> **Data shown**
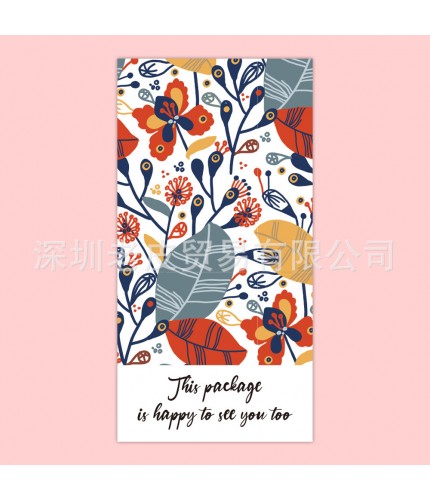 A1 Thank You Cards Clearance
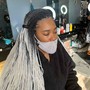 Crochet Braids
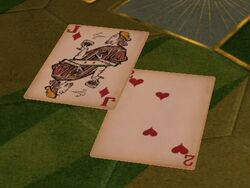 Cards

> **Task objective**
Copy each line above precisely, dropping the pictures.

> **Solution below**
 A1 Thank You Cards Clearance
 Crochet Braids
 Cards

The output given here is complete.